Abgefeuert wird das Geschoss von M777-Geschützen, die Kanada, vor allem aber die USA an die Front geschickt haben. 1876 Granaten hätten sie in den ersten zwei Wochen verschossen, berichtet die «New York Times»: «Diese Waffe bringt uns dem Sieg näher», freut sich Roman Kachur von der 55. Artillerie-Brigade. Es brauche bloss noch mehr davon, fügt der Oberst hinzu. Die Geschütze sind aber auch bereits ins Ziel russischer Drohnen geraten, wie ein Video zeigt.

«Artillerie ist vor allem eine Frage der Quantität», bremst in den US-Medien gleichzeitig ein Experte – und erinnert daran, dass Russland auf diesem Schlachtfeld ein Schwergewicht ist. Kiew bekommt deshalb Schützenhilfen von allen Seiten: Aus den USA kommen weitere M777, Frankreich liefert seine Caesar, die mit 40 Kilometer Reichweite einen Unterschied macht, und Grossbritannien Radar für die Artillerie.
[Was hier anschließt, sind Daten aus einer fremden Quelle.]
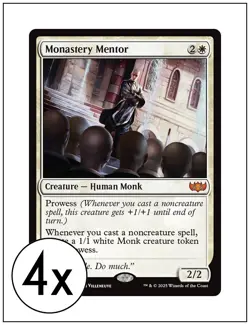 4x Monastery Mentor, Tarkir Dragonstorm Commander, Magic MTG NM - Image 1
Harpoon bedroht Schwazmeer-Flotte

Deutschland soll im Juli 15 Flakpanzer vom Typ Gepard abgeben, der auch russische Aufklärungsdrohnen ins Visier nehmen kann, von denen Moskau ohnehin zu wenig hat. Mit 60'000 Schuss Munition wird die Ukraine jedoch nicht weit kommen. Dass Berlin inzwischen weiss, dass diese nicht bloss in der Schweiz produziert werden kann, bleibt zu hoffen.

Die Militärhilfe auf dem Westen beschränkt sich jedoch nicht auf den Boden und die Luft: Was Dänemark nun beisteuern will, ermöglicht den Verteidigern auch auf See, nachhaltig zuzuschlagen. Kopenhagen wird in Absprache mit den USA RGM-84 Harpoon Anti-Schiffsraketen in die Ukraine liefern, die von Land abgeschossen werden.

Treffgenauer Albtraum eines jeden Kriegsschiffes: Eine Parade mit Harpoon-Raketen in Seoul.
Treffgenauer Albtraum eines jeden Kriegsschiffes: Eine Parade mit Harpoon-Raketen in Seoul.
Archivbild: KEYSTONE

«Ich bin Dänemark besonders dankbar», kommentiert US-Verteidigungsminister Lloyd Austin nach einem virtuellen Treffen mit 40 Verantwortlichen, die der Ukraine militärisch helfen wollen. Wie viele Startvorrichtungen Kopenhagen mitliefert, ist nicht bekannt. Die Rakete hat eine Reichweite von ungefähr 130 Kilometer und wird die russische Schwarzmeer-Flotte zwingen, sich sehr viel weiter von der Küste zurückzuziehen. Sie könnte sogar das Ende der See-Blockade bedeuten, hoffen Experten.

US-Minister Austin verrät nach der Konferenz noch weitere Waffenlieferungen: Tschechien habe kürzlich Kampfhelikopter und Panzer geschickt, Norwegen, Griechenland und Polen versprechen noch mehr Artillerie und Munition. Die Ukraine, das steht fest, kann die Unterstützung gut gebrauchen, wenn sie dem Druck der russischen Angreifer standhalten will.